Şairin çizdiği şiirsel cennet ve cehennem imgesi, ayrılışı "Baladın" diğer satırlarıyla karşılaştırılan uysal bir kişi tarafından anlaşılamaz:

Ve tellerin arasından geçen melekler
Şehrin yükseklerine doğru havalanıyorlar.
Yani Venedik meydanlarından
Güvercinler ürkek uçuyordu...

Şairin kendisi dünyayı tamamen terk etmesine neden olur: Melekleri bir kırbaçla uzaklaştırır ve tuhaf sözlerle kolsuz adamı uzaklaştırır.

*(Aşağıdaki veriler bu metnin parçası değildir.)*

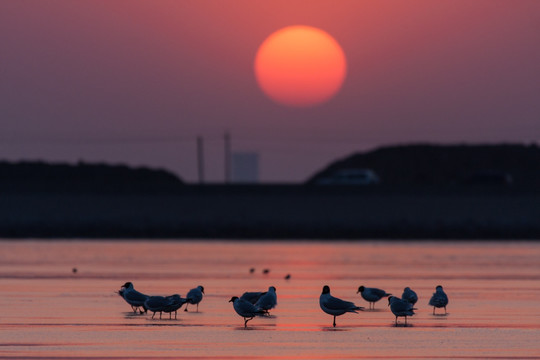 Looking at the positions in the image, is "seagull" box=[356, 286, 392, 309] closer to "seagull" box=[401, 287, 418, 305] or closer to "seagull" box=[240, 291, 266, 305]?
"seagull" box=[401, 287, 418, 305]

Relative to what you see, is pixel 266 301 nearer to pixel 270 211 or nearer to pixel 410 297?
pixel 410 297

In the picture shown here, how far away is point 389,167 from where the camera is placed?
173 meters

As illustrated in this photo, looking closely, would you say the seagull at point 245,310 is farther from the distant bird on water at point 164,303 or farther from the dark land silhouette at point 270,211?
Answer: the dark land silhouette at point 270,211

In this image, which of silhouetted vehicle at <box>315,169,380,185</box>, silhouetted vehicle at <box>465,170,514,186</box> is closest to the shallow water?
silhouetted vehicle at <box>315,169,380,185</box>

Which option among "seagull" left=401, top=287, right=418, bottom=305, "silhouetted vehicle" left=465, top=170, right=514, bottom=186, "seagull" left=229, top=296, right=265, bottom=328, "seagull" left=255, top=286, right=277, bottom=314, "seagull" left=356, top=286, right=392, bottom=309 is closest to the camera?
"seagull" left=229, top=296, right=265, bottom=328

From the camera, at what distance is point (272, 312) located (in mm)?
25062

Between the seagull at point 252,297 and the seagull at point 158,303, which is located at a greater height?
the seagull at point 252,297

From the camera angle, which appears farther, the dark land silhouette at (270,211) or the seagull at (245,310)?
the dark land silhouette at (270,211)

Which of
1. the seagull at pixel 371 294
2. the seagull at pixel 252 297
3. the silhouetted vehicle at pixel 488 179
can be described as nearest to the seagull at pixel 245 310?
the seagull at pixel 252 297

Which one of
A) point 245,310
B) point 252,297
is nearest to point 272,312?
point 252,297

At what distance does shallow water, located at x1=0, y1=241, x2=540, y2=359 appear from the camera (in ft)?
62.8

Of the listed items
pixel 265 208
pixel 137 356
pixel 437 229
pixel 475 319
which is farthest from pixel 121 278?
pixel 265 208

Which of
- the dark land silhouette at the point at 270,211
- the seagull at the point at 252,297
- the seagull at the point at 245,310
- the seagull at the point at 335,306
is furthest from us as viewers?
the dark land silhouette at the point at 270,211

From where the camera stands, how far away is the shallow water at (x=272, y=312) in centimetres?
1916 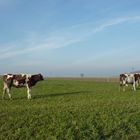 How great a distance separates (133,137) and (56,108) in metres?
6.54

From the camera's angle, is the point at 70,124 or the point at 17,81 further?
the point at 17,81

Uçan melekler güvercinlere benzer ve bu benzerlik lirik kahramanın Venedik'e taşınmasına ve geçmişe dalmasına olanak tanır. “Ballad”daki mekanların her biri dikeylik esasına göre kurgulanmıştır. Lirik kahraman ile kolsuz adamın buluşması şairin “yüksek” konumu açısından verilmektedir. Cehennem ve cennet, "en soğuk yüksekliklerin" kolsuz adama ve karısına, en alttakilerin ise lirik "Ben"e ait olduğu bir dikey oluşturur. Son dörtlük, trajik bir şekilde uysal adamı yükselten ve kahramanı alçaltan kolsuz şairin reddedildiğini ortaya koyuyor. Venedik'in alanı da dikeydir: Korkmuş güvercinler "sevgililerinin ayaklarından" yukarı doğru uçarlar.

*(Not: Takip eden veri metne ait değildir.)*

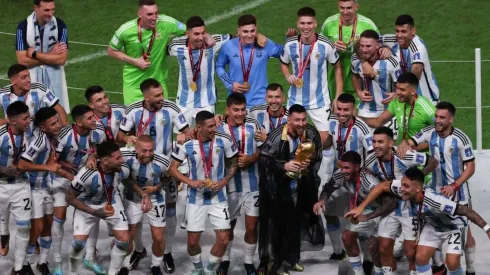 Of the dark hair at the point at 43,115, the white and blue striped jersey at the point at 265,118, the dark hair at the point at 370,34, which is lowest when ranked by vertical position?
the white and blue striped jersey at the point at 265,118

Maddilikle donatılmış meleksel prensip, sinemanın önünde olup bitenlerin seçilmiş gerçekliğini istila ettiğinde mekansal bir boşluk oluşur:

Kemer kamçısını çıkarıyorum...
Ve meleklere ters vuruşla vurdum,
Ve tellerin arasından geçen melekler
Şehrin yükseklerine doğru uçuyorlar...

Şairin kolsuz bir adamı karısıyla birlikte gördüğü bir sokak vardır, ama aynı zamanda kişi ile Tanrı arasında bir diyaloğun gerçekleştiği bir tür manevi ara alan da vardır (Puşkin'in "Peygamber"inde olduğu gibi). Melekleri güvercinlerle karşılaştırmak şunu ortaya koyuyor yeni seviye gerçeklik de dikey olarak düzenlenmiştir. Bir boşluktan diğeri belirir: Şairin "bir melek tarafından liri verdiği" ve şairin hediyeyi reddettiği düzey, kolsuz adamın yürüdüğü sokağın dünyasından doğar (ve bunun tersi de geçerlidir: Paris sokağı şair tarafından meleklerin armağanı sayesinde şeffaf olarak görülür); uçan melekleri doğuran dünya, güvercin imgesi aracılığıyla ortaya çıkar (ve Venedik, Ballad metnine yalnızca melek kanatlarını tanımlamak için bir karşılaştırma olarak girer). Venedik, şairin kaderi ile kolsuz adam arasında bir paralellik ortaya koyuyor: Uysal bir adam hamile karısıyla sinemaya gidiyor ve lirik kahraman, melekleri anımsatan güvercinlerin ayaklarından uçtuğu sevgilisiyle Venedik meydanlarında yürüyor. . Şairin kolsuz adamla diyalog halinde çizdiği mütevazı insanların meleğe dönüşmesini gösteren resim, ürkek kuşların gökyüzüne uçtuğu eski bir İtalyan bölümünün vücut bulmuş halidir. Khodasevich'in vurguladığı kolsuz dünyanın hafifliği (kolsuz, yani diğerlerinden daha "hafif"; "parlayacak beyaz kanatlarla uçacaksınız"; "bir tüy bırakın: Bir kar tanesi gibi düşsün .. .”), şairin ve onun ağır lirinin “ağırlığının” tam tersidir (güvercinler gibi havalanmanın imkansızlığı ve dolayısıyla melek olmanın - “hafif” kolsuzun yanında cennete gitmenin imkansızlığı). bir). Metin, şairin ağır bir lire (meleğe benzeyen güvercinlere) sahip olma hakkını teyit eden bir anı ile bölünür, ancak finalde lirik kahramanın hediyeyi reddettiği doğrulanır. Böylece, "Avrupa Gecesi" koleksiyonunda Khodasevich, sanki gelecekteki yaratıcı sessizliğini önceden tahmin ediyormuş gibi, sadece mütevazıyı bekleyen cenneti değil, aynı zamanda şiirsel cenneti de reddediyor, çünkü dünyada gerçek uyumu kurmanın imkansızlığı şaire izin vermiyor süper varoluşa dalmak ve onu cenneti yabancı bir alan olarak deneyimlemeye zorluyor.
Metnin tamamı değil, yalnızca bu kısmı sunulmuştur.